Javier Munoz MD, FACP, Hematologist/Oncologist at Banner MD Anderson Cancer Center in Gilbert, AZ and Hematology-Oncology Adjunct Assistant Professor at the University of Texas MD Anderson Cancer Center in Houston TX

Q: A 76-year-old male is referred to you. His labs at presentation showed anemia and elevated immunoglobulin M. A bone marrow biopsy showed lymphoplasmacytic lymphoma with MYD88 gene mutation. He received a rituximab-based chemotherapy regimen frontline although his disease relapsed with worsening anemia and increased Ig M levels. The patient has no siblings. How do you manage his care?

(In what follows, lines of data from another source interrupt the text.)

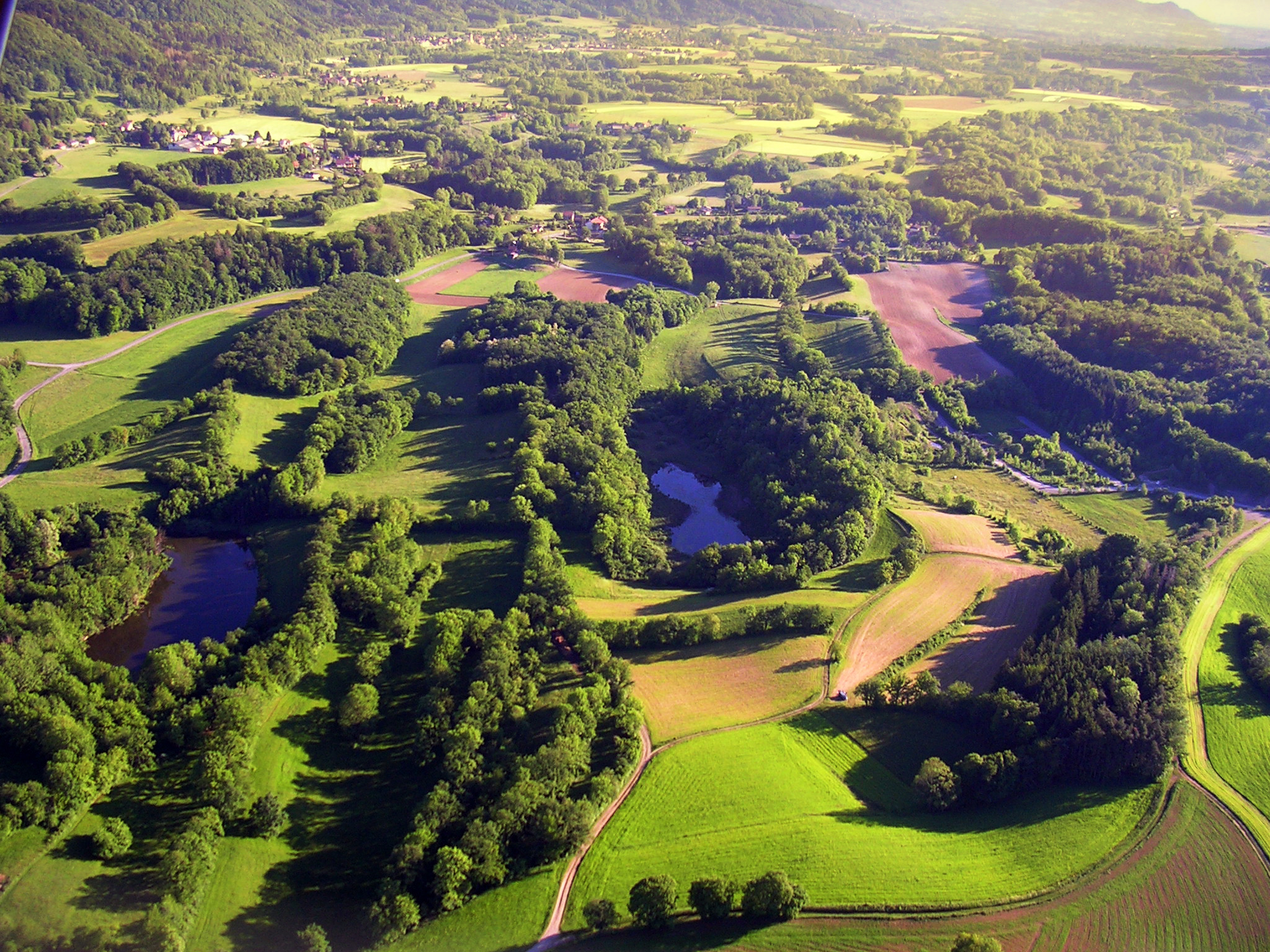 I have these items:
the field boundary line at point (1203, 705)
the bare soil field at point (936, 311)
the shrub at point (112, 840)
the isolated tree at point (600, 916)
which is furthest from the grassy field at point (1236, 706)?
the shrub at point (112, 840)

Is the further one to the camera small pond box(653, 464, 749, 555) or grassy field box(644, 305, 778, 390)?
grassy field box(644, 305, 778, 390)

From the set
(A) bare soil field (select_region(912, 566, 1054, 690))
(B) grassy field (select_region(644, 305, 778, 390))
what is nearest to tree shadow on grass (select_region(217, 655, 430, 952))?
(A) bare soil field (select_region(912, 566, 1054, 690))

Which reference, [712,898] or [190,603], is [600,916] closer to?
[712,898]

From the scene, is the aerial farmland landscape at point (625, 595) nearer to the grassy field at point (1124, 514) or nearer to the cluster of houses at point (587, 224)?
the grassy field at point (1124, 514)

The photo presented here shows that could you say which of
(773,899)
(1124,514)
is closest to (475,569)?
(773,899)

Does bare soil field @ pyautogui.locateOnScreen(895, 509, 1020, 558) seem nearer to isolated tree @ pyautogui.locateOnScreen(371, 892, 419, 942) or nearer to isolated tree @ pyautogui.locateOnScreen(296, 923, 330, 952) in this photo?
isolated tree @ pyautogui.locateOnScreen(371, 892, 419, 942)

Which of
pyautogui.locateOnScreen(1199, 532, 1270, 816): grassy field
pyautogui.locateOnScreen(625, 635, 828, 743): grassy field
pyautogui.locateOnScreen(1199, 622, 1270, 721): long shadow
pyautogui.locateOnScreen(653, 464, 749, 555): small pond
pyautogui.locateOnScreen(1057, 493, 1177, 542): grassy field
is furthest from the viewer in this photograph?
pyautogui.locateOnScreen(653, 464, 749, 555): small pond

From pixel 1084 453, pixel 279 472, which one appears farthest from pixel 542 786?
pixel 1084 453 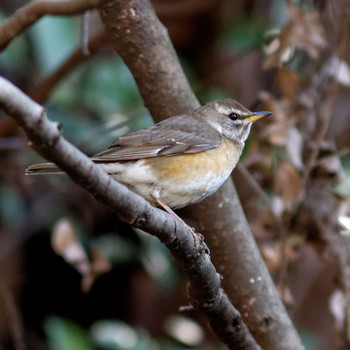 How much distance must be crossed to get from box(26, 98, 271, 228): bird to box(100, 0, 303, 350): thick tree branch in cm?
18

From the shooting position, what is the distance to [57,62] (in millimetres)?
5395

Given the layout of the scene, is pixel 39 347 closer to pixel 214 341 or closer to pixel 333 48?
pixel 214 341

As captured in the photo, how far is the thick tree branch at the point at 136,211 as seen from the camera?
5.39 feet

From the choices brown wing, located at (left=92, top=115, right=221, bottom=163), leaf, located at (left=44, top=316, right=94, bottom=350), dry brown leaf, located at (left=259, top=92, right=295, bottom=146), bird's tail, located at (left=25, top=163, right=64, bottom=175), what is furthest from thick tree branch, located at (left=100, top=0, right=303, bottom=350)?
leaf, located at (left=44, top=316, right=94, bottom=350)

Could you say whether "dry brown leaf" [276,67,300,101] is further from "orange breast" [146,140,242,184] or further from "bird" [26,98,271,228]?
"orange breast" [146,140,242,184]

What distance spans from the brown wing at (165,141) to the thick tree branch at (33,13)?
0.73 meters

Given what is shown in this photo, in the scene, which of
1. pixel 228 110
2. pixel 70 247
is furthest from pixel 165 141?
pixel 70 247

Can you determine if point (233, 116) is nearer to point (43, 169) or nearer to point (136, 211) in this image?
point (43, 169)

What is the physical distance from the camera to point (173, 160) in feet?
11.0

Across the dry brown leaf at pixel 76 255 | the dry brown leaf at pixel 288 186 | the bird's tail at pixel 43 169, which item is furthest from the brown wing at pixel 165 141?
the dry brown leaf at pixel 76 255

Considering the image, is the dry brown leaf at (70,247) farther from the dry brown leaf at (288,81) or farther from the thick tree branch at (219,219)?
the dry brown leaf at (288,81)

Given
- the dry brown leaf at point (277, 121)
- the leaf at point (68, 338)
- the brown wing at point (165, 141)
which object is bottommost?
the leaf at point (68, 338)

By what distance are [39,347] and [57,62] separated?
103 inches

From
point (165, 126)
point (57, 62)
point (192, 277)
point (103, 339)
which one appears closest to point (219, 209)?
point (165, 126) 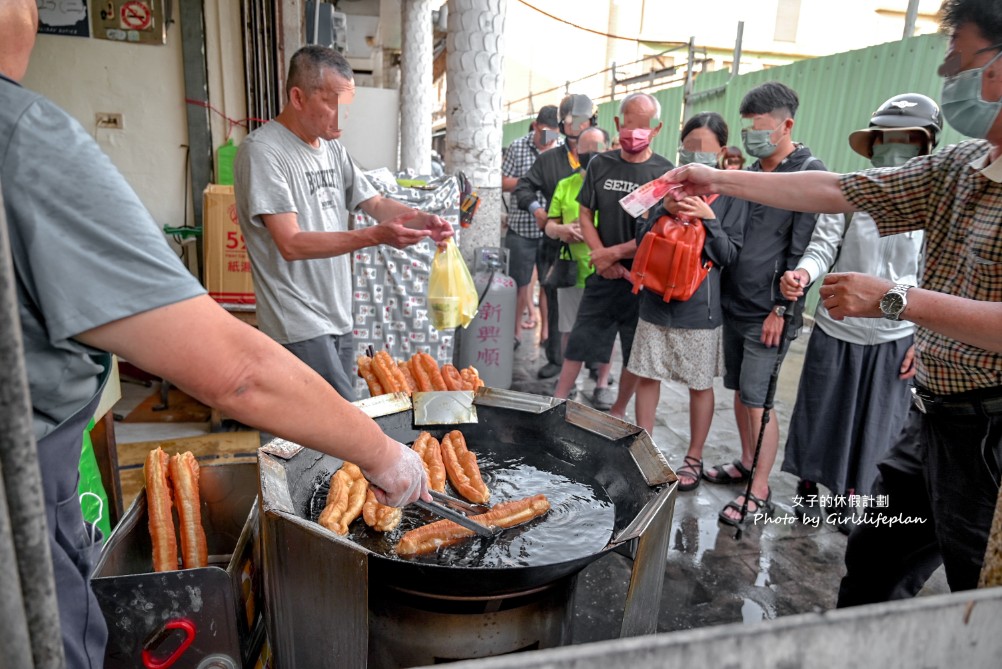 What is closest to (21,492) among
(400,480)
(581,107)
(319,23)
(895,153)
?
(400,480)

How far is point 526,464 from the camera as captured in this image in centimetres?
296

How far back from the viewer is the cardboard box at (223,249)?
5.15 m

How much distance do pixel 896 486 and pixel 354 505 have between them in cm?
217

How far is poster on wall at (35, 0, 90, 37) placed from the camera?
5.10 meters

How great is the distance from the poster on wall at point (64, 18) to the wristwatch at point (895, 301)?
6.10 metres

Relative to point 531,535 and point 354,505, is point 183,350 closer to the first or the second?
point 354,505

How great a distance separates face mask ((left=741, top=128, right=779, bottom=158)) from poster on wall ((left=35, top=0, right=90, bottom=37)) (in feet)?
17.3

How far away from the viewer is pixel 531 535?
2377mm

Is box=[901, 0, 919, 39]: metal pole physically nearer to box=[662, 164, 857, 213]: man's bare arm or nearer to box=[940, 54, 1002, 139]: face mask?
box=[662, 164, 857, 213]: man's bare arm

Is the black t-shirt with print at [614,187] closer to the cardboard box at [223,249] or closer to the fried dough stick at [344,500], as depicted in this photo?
the cardboard box at [223,249]

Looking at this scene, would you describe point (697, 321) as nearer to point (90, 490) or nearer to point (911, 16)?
point (90, 490)

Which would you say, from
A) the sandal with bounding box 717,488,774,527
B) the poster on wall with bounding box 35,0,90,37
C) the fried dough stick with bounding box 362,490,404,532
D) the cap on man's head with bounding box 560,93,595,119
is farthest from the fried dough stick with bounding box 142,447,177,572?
the cap on man's head with bounding box 560,93,595,119

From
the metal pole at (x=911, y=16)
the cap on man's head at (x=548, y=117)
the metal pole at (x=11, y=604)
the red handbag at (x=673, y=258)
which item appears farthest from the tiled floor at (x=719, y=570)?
the metal pole at (x=911, y=16)

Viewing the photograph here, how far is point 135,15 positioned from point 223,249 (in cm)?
208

A: My recommendation at this point would be to prescribe the Bruton tyrosine inhibitor (BTK) ibrutinib. The U.S. Food and Drug Administration granted accelerated approval to ibrutinib (420 mg daily) for patients with lymphoplasmacytic lymphoma in 2015. Clinical response correlates with the presence of mutations in the MYD88 and CXCR4 genes which are commonly seen in this hematologic condition.
What is the difference between Waldenström’s macroglobulinemia (WM) and lymphoplasmacytic lymphoma?
There are some differences even though the terms are used interchangeably by some. Lymphoplasmacytic lymphoma is a neoplasm of small B lymphocytes, plasmacytoid lymphocytes, and plasma cells that usually involve the bone marrow. Waldenström’s macroglobulinemia is a lymphoplasmacytic lymphoma with bone marrow involvement and monoclonal immunoglobulin M of any concentration. This particular case is better defined as WM.
What is the molecular basis for using ibrutinib in WM?
Whole genome sequencing has revealed highly prevalent somatic mutations in WM. MYD88 L265P is highly present in patients with WM and supports malignant growth via signaling involving BTK. Ibrutinib inhibits BTK and induces apoptosis of WM cells bearing MYD88. WHIM-like mutations in CXCR4 are also present in patients with WM, and their expression induces BTK activity and confers decreased sensitivity to ibrutinib.
What is the expected clinical response to ibrutinib in patients with WM?
The overall response rate was 90% in the original paper by Treon et al; and the highest responses were seen in patients with MYD88 mutation (100%). It is expected the hemoglobin will increase and the immunoglobulin M will decrease in this patient after exposure to ibrutinib.
Do you see any novel possibilities for targeted therapy in hematologic diseases?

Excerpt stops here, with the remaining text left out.